Mankiewicz says he was hired because Broccoli wanted an American writer to work on the script, since so much of it was set in Las Vegas "and the Brits write really lousy American gangsters" – but it had to be someone who also understood the British idiom, since it had British characters. David Picker, then-president of United Artists, had seen the stage musical Georgy written by Mankiewicz, and recommended him; he was hired on a two-week trial and kept on for the rest of the movie. The idea of Goldfinger's brother was scrapped, and Blofeld was written back into the script. Mankiewicz later estimated the novel provided around 45 minutes of the film's final running time. The adaptation eliminated the main villains from the source Ian Fleming novel, mobsters called Jack and Seraffimo Spang, but used the henchmen Shady Tree, Mr. Wint and Mr. Kidd.

Casting
George Lazenby was originally offered a contract for seven Bond films but declined and left after just one, On Her Majesty's Secret Service, on the advice of his agent Ronan O'Rahilly. Producers contemplated replacing him with John Gavin, though actors Clint Eastwood, Adam West, Burt Reynolds, Robert Wagner, Brett Halsey, Malcolm Roberts, and Ranulph Fiennes had also been considered; Eastwood, Reynolds, and West had stated that Bond should not be played by an American actor. Michael Gambon rejected an offer, telling Broccoli that he was "in terrible shape". Producers Albert R. Broccoli and Harry Saltzman wanted to cast Roger Moore, but he was busy filming The Persuaders!.

Picker was unhappy with this decision and made it clear that Connery was to be enticed back to the role and that money was no object. When approached about resuming the role of Bond, Connery demanded the fee of $1.25 million. To entice the actor to play Bond once more, United Artists offered two back-to-back films of his choice. After both sides agreed to the deal, Connery used the fee to establish the Scottish International Education Trust, where Scottish artists could apply for funding without having to leave their country to pursue their careers. Since John Gavin was no longer in the running for the role, his contract was paid in full by United Artists. The first film made under Connery's deal was The Offence, directed by his friend Sidney Lumet.

Charles Gray was cast as villain Ernst Stavro Blofeld, after playing a Bond ally named Dikko Henderson in You Only Live Twice (1967). Jazz musician Putter Smith was invited by Saltzman to play Mr. Kidd, after a Thelonious Monk Band show. Musician Paul Williams was originally cast as Mr. Wint. When he couldn't agree with the producers on compensation, Bruce Glover replaced him. Glover said he was surprised at being chosen, because at first producers said he was too normal and that they wanted a deformed, Peter Lorre-like actor. Bruce Cabot, who played the part of Bert Saxby, died the following year; Diamonds turned out to be his final film role. Jimmy Dean was cast as Willard Whyte after Saltzman saw a presentation of him.
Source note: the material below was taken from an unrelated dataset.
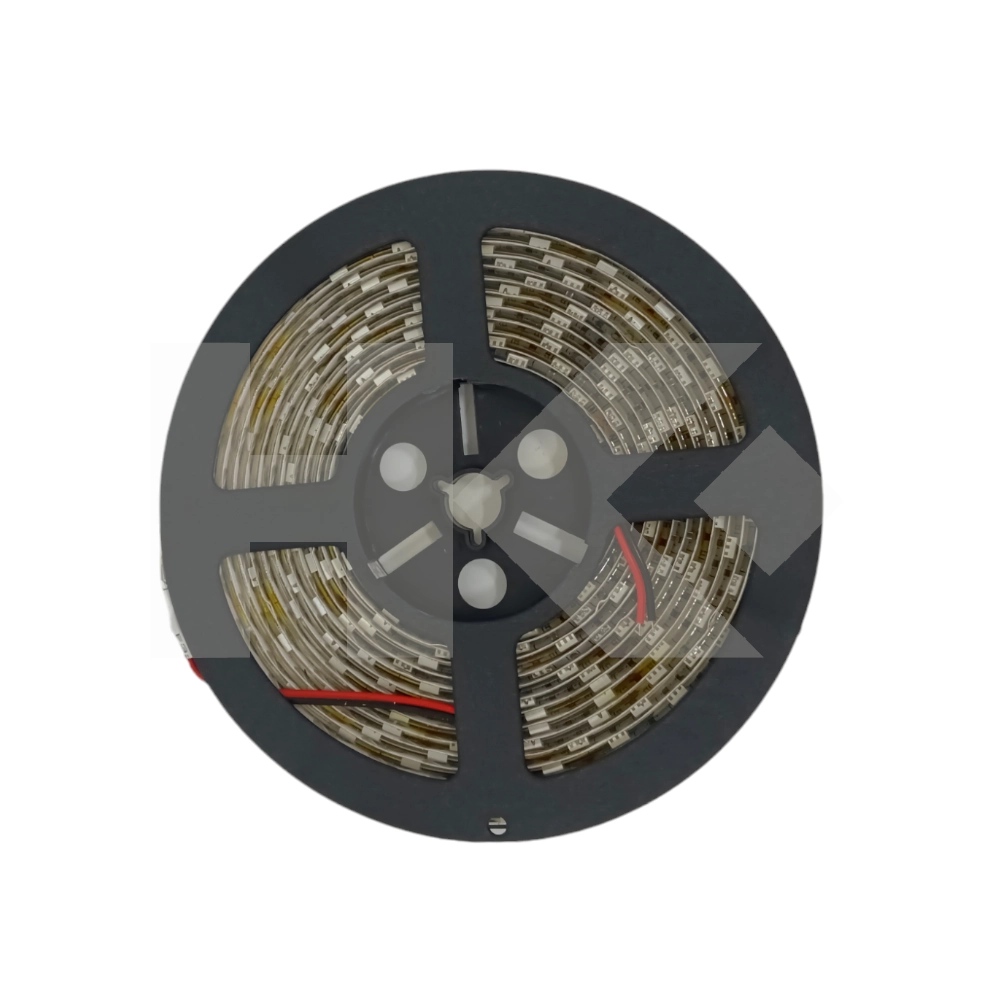 CINTA LED 5050 VERDE 5 MTS.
Dean was very worried about playing a Howard Hughes pastiche, because he was an employee of Hughes at the Desert Inn.

Jill St. John had originally been offered the part of Plenty O'Toole but landed the female lead after Sidney Korshak, who assisted the producers in filming in Las Vegas locations, recommended his client St. John, who became the first American Bond girl. Linda Thorson met with Cubby Broccoli, hoping to be considered for the part of Case, but he never considered her for the role, although he did briefly list her as a possibility for the part of Plenty O'Toole. Some time later, Broccoli told Thorson she was never cast in a Bond film because she didn't have long hair. Lana Wood was cast as Plenty O'Toole, following a suggestion of screenwriter Tom Mankiewicz. Wood modeled her performance after Leigh Taylor-Young and Minnie Mouse. Denise Perrier, Miss World 1953, played "Marie", the woman in the bikini who is forced by Bond to disclose the location of Blofeld.
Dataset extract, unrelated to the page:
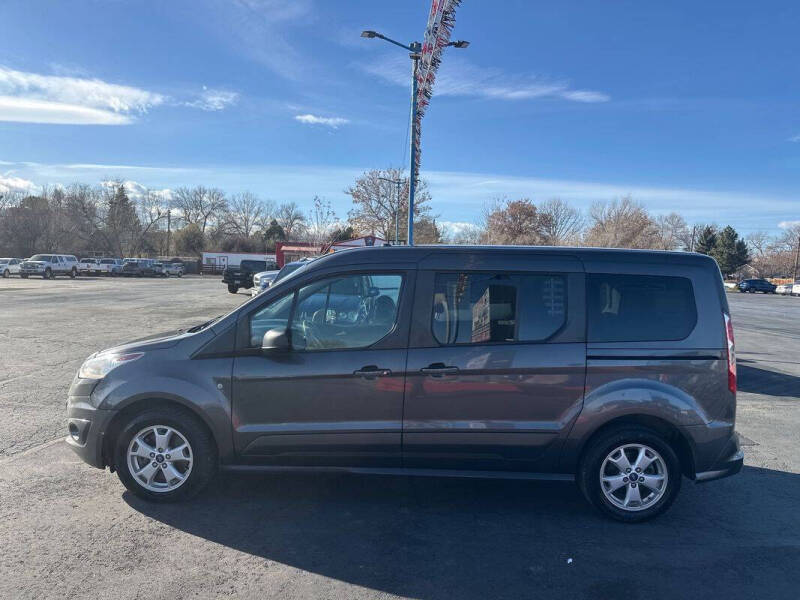 2016 Ford Transit Connect XLT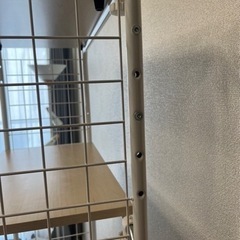 ランドリーラックの画像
A cameo appearance by Sammy Davis Jr. playing on the roulette table was filmed, but his scene was eventually deleted.

Initially, the character of Miss Moneypenny did not feature in the movie, partly because Lois Maxwell had held out for a pay increase, but it was decided during production to add the scene where, disguised as a customs officer, Moneypenny gives Bond his travel documents at the port of Dover. The additional scene was a last-minute rewrite, as the producers felt it important to incorporate Maxwell after her issue was resolved. Maxwell and Connery filmed their lines separately for the short scene.

Filming

Filming began on 5 April 1971, with the South African scenes actually shot in the desert near Las Vegas. The scene was originally written to include Mr. Wint and Mr. Kidd killing Dr. Tynan by forcing a scorpion down his mouth, but it was rewritten in order to be approved by British censors. The film was shot primarily in the United States, with locations including the Los Angeles International Airport, Universal City Studios and eight hotels of Las Vegas. Besides Pinewood Studios in Buckinghamshire, other places in England were Dover and Southampton. The climactic oil rig sequence was shot off the shore of Oceanside, California. Other filming locations included Cap D'Antibes in France for the opening scenes, Amsterdam and Frankfurt Airport.

Filming in Las Vegas took place mostly in hotels owned by Howard Hughes, for he was a friend of Cubby Broccoli's. Getting the streets empty to shoot was achieved through the collaboration of Hughes, the Las Vegas police, and the shopkeepers' association. The Las Vegas Hilton doubled for the Whyte House, and since the owner of the Circus Circus was a Bond fan, he allowed the Circus to be used on film and even made a cameo. The cinematographers said filming in Las Vegas at night had an advantage: no additional illumination was required due to the high number of neon lights. Sean Connery made the most of his time on location in Las Vegas. "I didn't get any sleep at all. We shot every night, I caught all the shows and played golf all day. On the weekend I collapsed – boy, did I collapse. Like a skull with legs." He also played the slot machines, and once delayed a scene because he was collecting his winnings. While shooting in Las Vegas, Connery dated his co-star Lana Wood and Jill St. John.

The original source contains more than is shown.